Monsieur le président de la République de Madagascar, merci infiniment pour votre accueil et vos mots.

Monsieur le Président de l'Union des Comores, 
monsieur le Premier ministre de la République de Maurice, 
monsieur le président de la République des Seychelles, 
mesdames les Premières Dames, 
monsieur le secrétaire général de la Commission de l'Océan Indien, 
monsieur les chefs d'institution de la République de Madagascar, 
messieurs les premiers ministres, 
mesdames et messieurs les ministres, 
madame la présidente et messieurs les présidents des collectivités françaises ultramarines présentes dans la délégation française, 
mesdames, messieurs les parlementaires, 
mesdames, messieurs les ambassadrices et ambassadeurs, 
mesdames, messieurs les représentants et membres des gouvernements, les observateurs de la COI, 
mesdames et messieurs les partenaires de la Commission de l'Océan Indien, 
mesdames et messieurs en vos grades et qualités, 
chers amis,

permettez-moi tout d'abord d'adresser mes remerciements les plus chaleureux à la fois à notre hôte, le président Rajoelina, cher Andry, merci infiniment à vous et à madame la Première Dame pour le formidable accueil à la fois d'hier soir et d'aujourd'hui, et d'avoir pris l'initiative de nous réunir à Antananarivo aujourd'hui.
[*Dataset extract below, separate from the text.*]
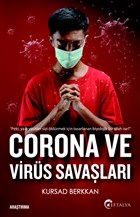 Corona ve Virüs Savaşları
Et permettez-moi de féliciter le président Azali, mon cher frère, qui co-préside ce sommet. Je souhaite d'ailleurs, réitérant les félicitations à la République des Seychelles pour le formidable travail qui a été fait, vous souhaiter le plein succès pour la présidence comorienne de la Commission de l'Océan Indien qui vient de débuter.

Je suis très heureux d'être à vos côtés aujourd'hui pour célébrer ensemble les 40 ans de la Commission de l'Océan Indien. Et je rends hommage ici à cette occasion à la vision des fondateurs et à l'engagement de tous ceux qui ont façonné cette institution depuis 4 décennies. Monsieur le secrétaire général, cher Edgar, en continuant à la faire vivre au quotidien avec vos équipes, vous êtes les dépositaires de cet héritage. Vous donnez corps à l'amitié et à la communauté de destin qui existe entre nos îles, entre nos peuples, ici, dans cet espace maritime et insulaire entre l'Afrique et l'Indopacifique, car nos îles sont nées d'un même monde. Et pour citer l'homme de lettre mauricien Malcolm De Chazal, "une île est une éclosion de la mer". Et mon premier sentiment est d'abord celui-là, le sentiment d'une fraternité profonde.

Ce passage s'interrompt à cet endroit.